I don't work on the kernel, so I can't tell you which it is. You will
have to decide.

>From my perspective, as a kernel user rather than a kernel developer,
a system call that silently fails for certain files and that provides
no way to determine either 1) ahead of time that the system call will
fail, or 2) after the call that the system call did fail, is a useless
system call. I can never use that system call, because I don't know
whether or not it will work. So as a kernel user I would say that you
should fix the system call to report failure, or document some way to
know whether the system call will fail, or you should remove the
system call. But I'm not a kernel developer, I don't have all the
information, and it's obviously your call.

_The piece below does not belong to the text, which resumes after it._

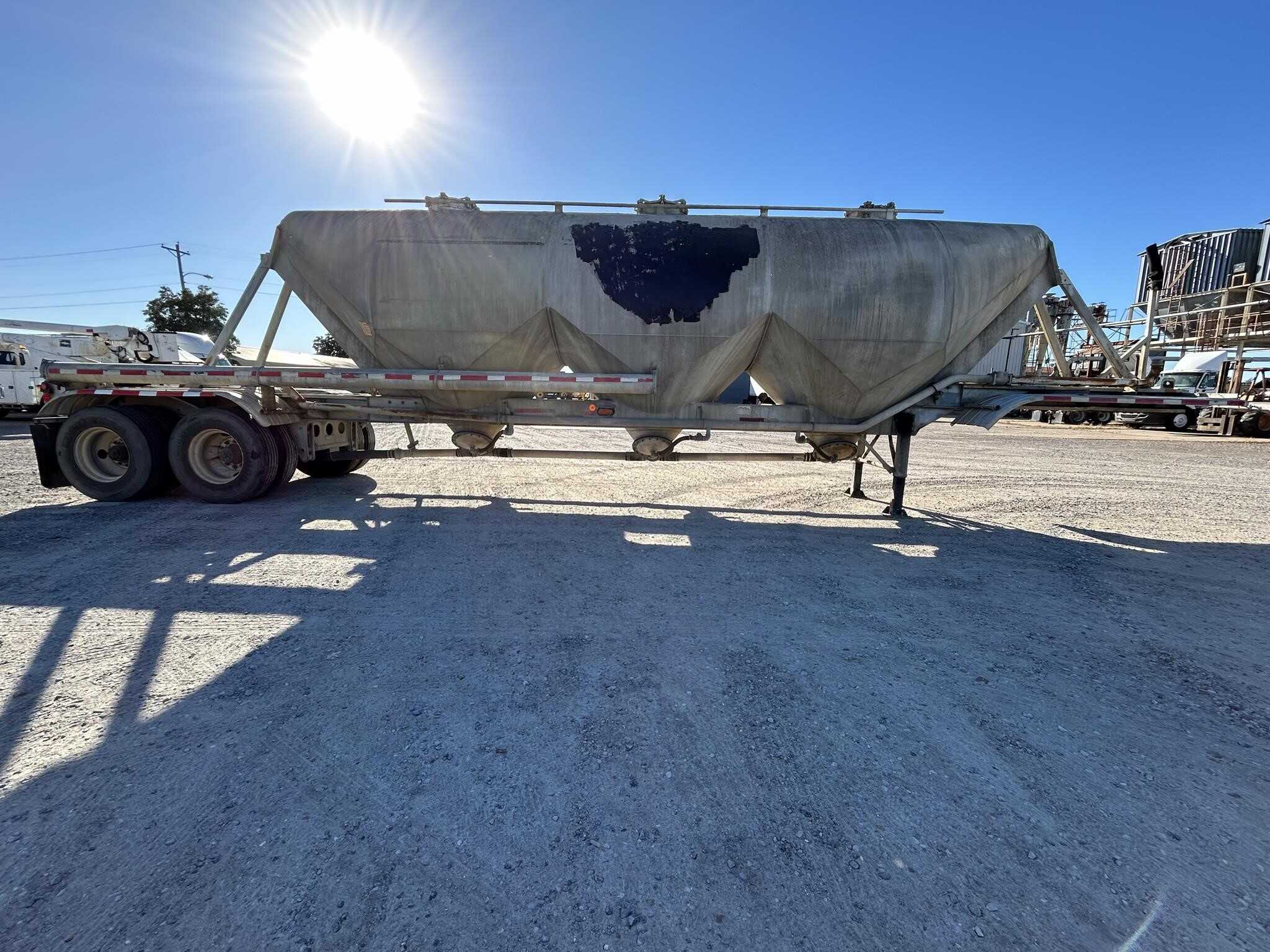 1984 Fruehauf 1000 cube pnuematic tank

I'll note that to the best of my knowledge this failure started
happening with the 5.3 kernel, as before 5.3 the problematic calls
would report a failure (EXDEV). Since 5.3 isn't all that old I
personally wouldn't say that the kernel "has always worked this way."
But I may be mistaken about this.


> > So ideally the kernel will report EOPNOTSUPP or EINVAL when using
> > copy_file_range on a file in /proc or some other file system that
> > fails (and, minor side note, the copy_file_range man page should
> > document that it can return EOPNOTSUPP or EINVAL in some cases, which
> > does already happen on at least some kernel versions using at least
> > some file systems).
>
> Documentation is good, but what the kernel does is the true "definition"
> of what is going right or wrong here.

Sure. The documentation comment was just a side note. I hope that we
can all agree that accurate man pages are better than inaccurate ones.

Ian